# Source data
============

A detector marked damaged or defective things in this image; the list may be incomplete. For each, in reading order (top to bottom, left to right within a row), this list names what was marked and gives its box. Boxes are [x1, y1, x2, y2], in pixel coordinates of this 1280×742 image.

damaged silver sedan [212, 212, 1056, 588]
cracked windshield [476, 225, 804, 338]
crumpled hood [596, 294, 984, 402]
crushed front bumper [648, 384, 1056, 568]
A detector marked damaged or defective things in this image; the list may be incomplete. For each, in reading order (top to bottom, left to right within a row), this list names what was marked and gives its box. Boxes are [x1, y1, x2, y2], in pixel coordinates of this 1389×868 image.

============

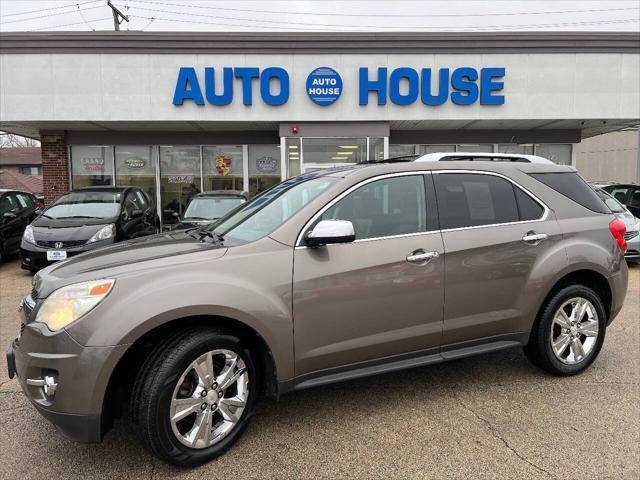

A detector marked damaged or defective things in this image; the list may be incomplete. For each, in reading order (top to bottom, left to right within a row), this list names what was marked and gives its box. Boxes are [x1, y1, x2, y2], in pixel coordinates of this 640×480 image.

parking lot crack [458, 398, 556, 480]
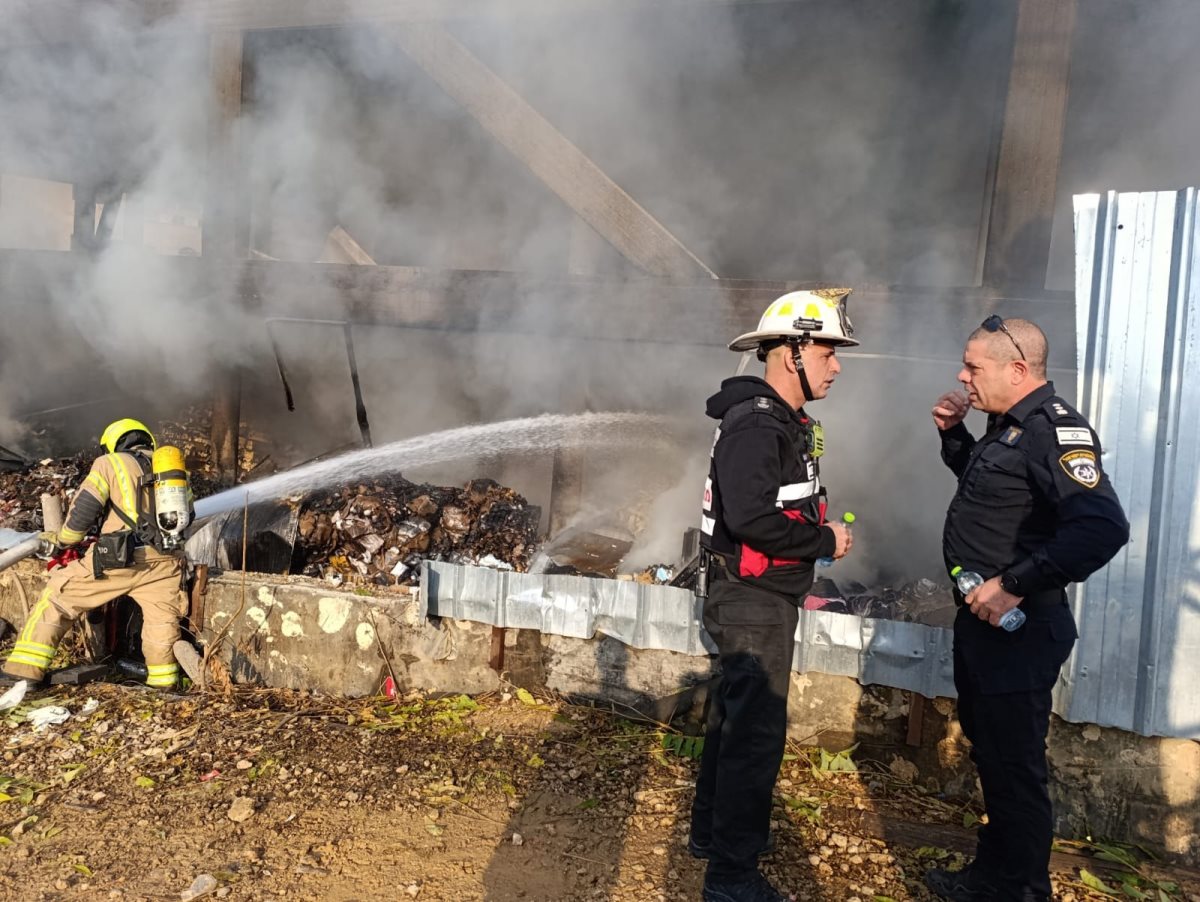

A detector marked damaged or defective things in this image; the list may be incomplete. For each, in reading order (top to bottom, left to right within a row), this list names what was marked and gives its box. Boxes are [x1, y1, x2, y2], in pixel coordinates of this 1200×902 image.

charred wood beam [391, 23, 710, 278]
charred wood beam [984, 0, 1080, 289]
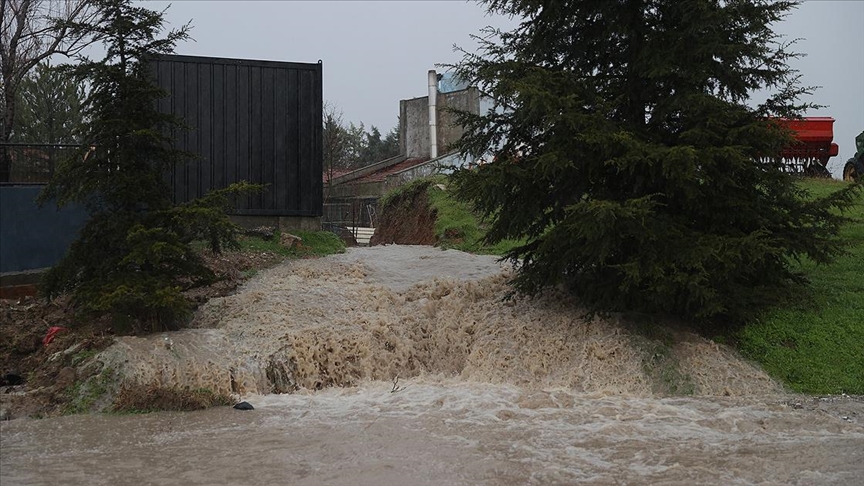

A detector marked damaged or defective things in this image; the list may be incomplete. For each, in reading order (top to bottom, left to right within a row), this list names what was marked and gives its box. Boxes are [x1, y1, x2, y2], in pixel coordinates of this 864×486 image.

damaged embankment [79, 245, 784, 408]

============

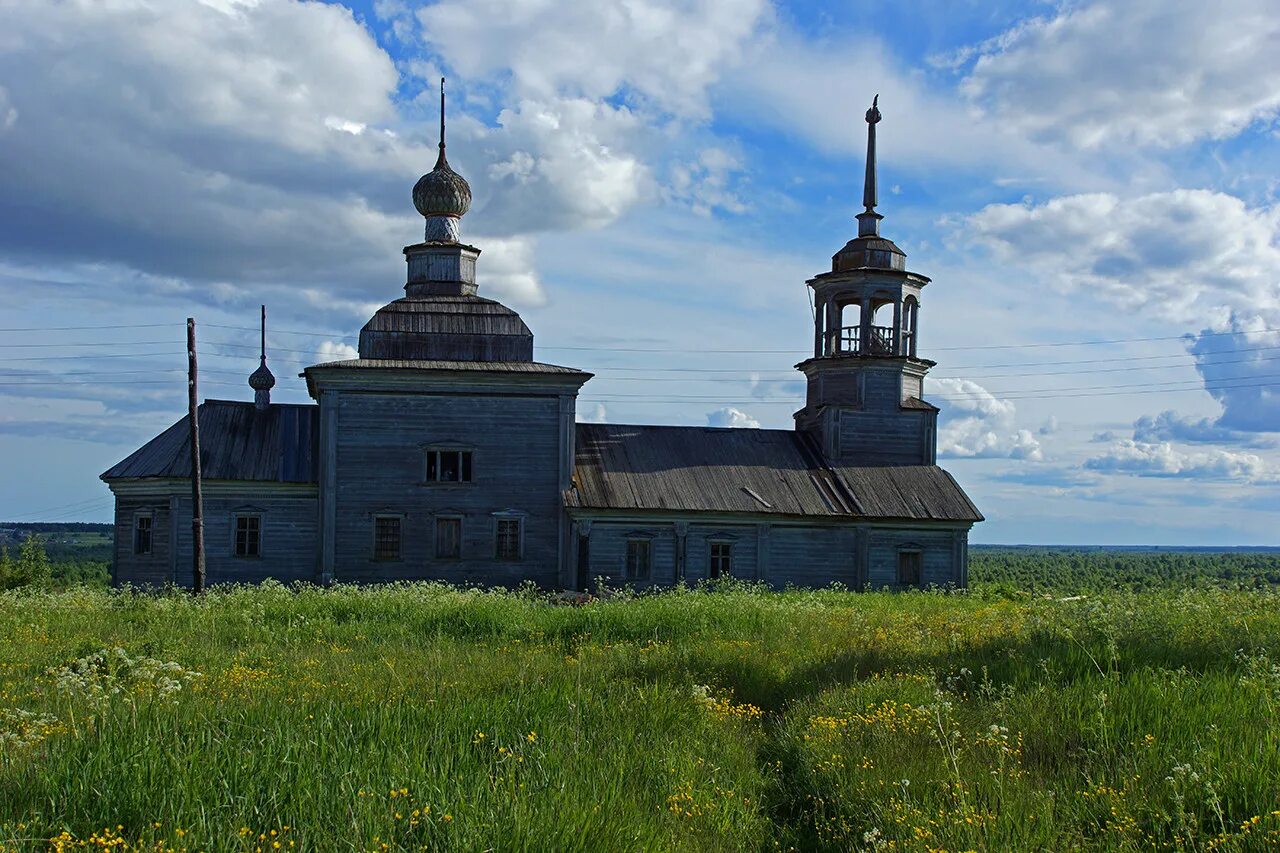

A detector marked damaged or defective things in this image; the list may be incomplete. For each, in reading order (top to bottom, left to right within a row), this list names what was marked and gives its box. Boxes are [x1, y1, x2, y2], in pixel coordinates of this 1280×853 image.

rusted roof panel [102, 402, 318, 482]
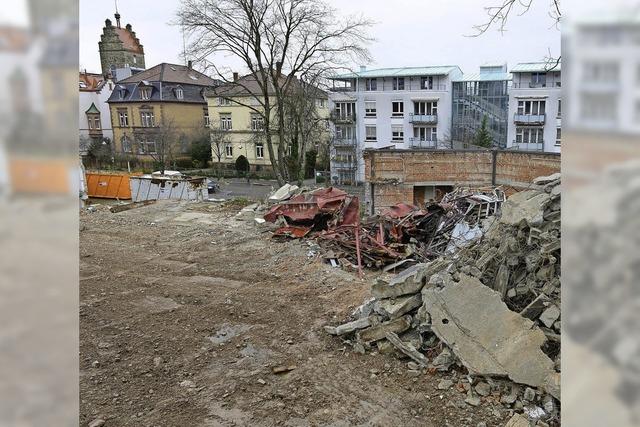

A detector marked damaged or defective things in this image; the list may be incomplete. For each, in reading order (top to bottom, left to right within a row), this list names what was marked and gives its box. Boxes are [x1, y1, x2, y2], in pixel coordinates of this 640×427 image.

============

# What is being asked
In the data above, find the line with "this 1280×742 image." and the line with "this 1389×868 image.". Retype both, plus every line between them, exactly.

# Result of the exercise
A detector marked damaged or defective things in this image; the list may be incomplete. For each, in reading order (top to bottom, left to right within a row), this list names what was marked and gives its box. Boxes are [x1, y1, x2, y2], in pixel coordinates of this 1280×742 image.

damaged silver sedan [212, 212, 1056, 588]
cracked windshield [476, 225, 804, 338]
crumpled hood [596, 294, 984, 402]
crushed front bumper [648, 384, 1056, 568]
A detector marked damaged or defective things in this image; the list may be incomplete. For each, in reading order (top to bottom, left to right within a row), this list names what was marked and gives its box. Boxes are [x1, y1, x2, y2], in pixel coordinates of this 1389×868 image.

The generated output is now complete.